Les efforts de prévention des épidémies évitables comme la rougeole et la poliomyélite se poursuivront avec un succès limité. Le choléra et le paludisme gagneront en prévalence d’année en année du fait de mauvaises conditions d’hygiène, du manque d’accès à l’eau potable, des inondations, de la grande promiscuité (surtout dans les camps) et de l’insuffisance des mesures de prévention.
La menace acridienne et autres ennemies des cultures, ainsi que les feux de brousse, sont réguliers au Niger. Leur gravité varie suivant le niveau de prévention et de préparation pour y faire face.
Ces fléaux peuvent affecter les mêmes familles plusieurs fois au cours de la même année, plusieurs années de suite. Leurs moyens de subsistance s’effritent continuellement, puis disparaissent. Leur résilience amenuisée ou perdue, ces ménages ou communautés nécessitent la mise en place de programmes pluriannuels de relèvement pour retrouver à nouveau le chemin d’un développement durable.
Selon les analyses faites par les différents clusters et les scénarii du plan de contingence national multirisque, la situation humanitaire en 2013 sera caractérisée par l’interaction entre les séquelles des crises alimentaires, pastorales et nutritionnelles combinées aux conséquences des conflits armés et de l’insécurité dans les pays voisins du Niger: Mali, Nigéria et Libye.

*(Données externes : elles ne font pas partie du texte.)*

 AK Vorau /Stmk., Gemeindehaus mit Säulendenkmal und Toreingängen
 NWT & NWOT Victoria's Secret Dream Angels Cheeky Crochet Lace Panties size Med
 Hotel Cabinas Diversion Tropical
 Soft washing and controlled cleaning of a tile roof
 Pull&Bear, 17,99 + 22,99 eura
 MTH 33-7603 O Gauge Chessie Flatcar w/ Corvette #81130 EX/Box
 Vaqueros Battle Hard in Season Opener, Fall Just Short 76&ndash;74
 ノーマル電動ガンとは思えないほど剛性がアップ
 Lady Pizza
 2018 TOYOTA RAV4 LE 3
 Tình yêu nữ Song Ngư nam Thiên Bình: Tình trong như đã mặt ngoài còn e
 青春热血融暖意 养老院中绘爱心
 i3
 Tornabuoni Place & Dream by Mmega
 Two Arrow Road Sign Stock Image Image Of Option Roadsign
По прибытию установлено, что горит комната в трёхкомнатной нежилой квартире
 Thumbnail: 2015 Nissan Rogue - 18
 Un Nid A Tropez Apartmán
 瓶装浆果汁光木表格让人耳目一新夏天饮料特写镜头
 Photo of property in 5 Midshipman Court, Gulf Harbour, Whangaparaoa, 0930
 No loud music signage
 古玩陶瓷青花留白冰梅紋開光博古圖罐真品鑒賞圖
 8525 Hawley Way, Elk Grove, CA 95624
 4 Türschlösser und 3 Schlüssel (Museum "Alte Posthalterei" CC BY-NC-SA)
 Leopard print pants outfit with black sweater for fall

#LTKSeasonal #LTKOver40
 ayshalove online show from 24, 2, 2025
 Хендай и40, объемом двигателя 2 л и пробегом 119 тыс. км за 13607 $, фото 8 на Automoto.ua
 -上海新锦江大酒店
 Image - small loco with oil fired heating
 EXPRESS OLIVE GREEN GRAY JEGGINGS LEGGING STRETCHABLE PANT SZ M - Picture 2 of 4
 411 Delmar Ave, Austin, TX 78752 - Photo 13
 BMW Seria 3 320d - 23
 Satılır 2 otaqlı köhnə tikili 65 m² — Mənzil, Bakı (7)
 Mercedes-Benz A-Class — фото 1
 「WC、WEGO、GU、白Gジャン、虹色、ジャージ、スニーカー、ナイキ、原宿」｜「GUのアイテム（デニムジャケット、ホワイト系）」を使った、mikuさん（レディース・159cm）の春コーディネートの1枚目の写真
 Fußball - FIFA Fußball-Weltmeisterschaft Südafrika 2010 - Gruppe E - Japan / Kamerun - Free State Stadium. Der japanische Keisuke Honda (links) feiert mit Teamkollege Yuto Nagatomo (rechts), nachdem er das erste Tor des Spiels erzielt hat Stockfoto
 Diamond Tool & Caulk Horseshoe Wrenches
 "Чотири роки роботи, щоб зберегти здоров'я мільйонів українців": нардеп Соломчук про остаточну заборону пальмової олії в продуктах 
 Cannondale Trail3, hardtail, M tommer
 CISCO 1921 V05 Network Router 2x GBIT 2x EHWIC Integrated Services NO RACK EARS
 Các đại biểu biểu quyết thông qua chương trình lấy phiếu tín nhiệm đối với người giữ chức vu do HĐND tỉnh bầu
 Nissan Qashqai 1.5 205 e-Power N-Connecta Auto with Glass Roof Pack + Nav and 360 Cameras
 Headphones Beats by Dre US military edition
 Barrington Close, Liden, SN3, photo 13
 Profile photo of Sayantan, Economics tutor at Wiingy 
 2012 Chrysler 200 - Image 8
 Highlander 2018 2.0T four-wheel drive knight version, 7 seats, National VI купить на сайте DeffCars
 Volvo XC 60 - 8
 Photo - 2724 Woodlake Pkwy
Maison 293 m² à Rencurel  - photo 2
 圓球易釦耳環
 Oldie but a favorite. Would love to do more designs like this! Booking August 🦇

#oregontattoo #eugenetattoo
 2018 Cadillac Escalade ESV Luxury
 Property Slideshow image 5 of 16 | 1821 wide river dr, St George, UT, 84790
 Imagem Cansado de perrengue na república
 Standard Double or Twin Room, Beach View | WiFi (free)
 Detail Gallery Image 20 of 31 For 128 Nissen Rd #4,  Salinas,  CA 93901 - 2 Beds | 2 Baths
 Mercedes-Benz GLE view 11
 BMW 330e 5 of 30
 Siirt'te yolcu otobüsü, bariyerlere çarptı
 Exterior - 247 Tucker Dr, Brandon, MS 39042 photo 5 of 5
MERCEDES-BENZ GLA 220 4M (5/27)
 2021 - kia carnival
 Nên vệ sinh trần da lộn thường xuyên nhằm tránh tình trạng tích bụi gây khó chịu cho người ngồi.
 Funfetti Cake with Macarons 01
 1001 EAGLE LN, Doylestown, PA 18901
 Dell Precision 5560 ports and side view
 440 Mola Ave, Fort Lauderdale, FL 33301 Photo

Cette situation pourraient s’exacerber du fait de:
- La persistance, voire l’extension, du choléra à d’autres foyers vulnérables, et une épidémie de paludisme lorsque les pluies abondent.
- L’invasion acridienne et les maladies détruisant les cultures.
- La flambée des prix des produits de première nécessité.
- Les inondations, feux de brousse, les épizooties...
La réponse humanitaire en 2013 concernera toutes les régions du pays avec un focus particulier sur: - Les régions de Tillabéri et de Tahoua en raison de poches d’insécurité alimentaire prévues en 2013 du fait de la faiblesse de production céréalière et pastorale (évaluation à mi-parcours de la campagne), de la forte prévalence de la malnutrition, et du nombre de réfugiés en provenance du Mali.
- Un accent spécifique devrait être porté sur les ménages ruraux dirigés par des femmes, qui sont deux fois plus affectés par l’insécurité alimentaire que ceux dirigés par les hommes (25.8% contre 12.6%).
- Des initiatives et des programmes visant à promouvoir le relèvement des populations après les crises et accroître leur capacité d’adaptation aux nouvelles crises et catastrophes. Les populations déjà victimes des crises précédentes devront être prioritairement ciblées: les victimes de l’insécurité alimentaires des crises de 2009/2010 et celles de 2011/2012; les victimes des inondations de 2012 de Tillabéry, Niamey, Dosso et Diffa.
- L’établissement d’un lien de complémentarité entre différents projets et une meilleure articulation avec les activités à plus long terme, afin d’apporter une réponse holistique aux besoins prioritaires des communautés.
- L’intégration des thématiques transversales telles que le genre, le VIH/Sida, la protection de l’environnement.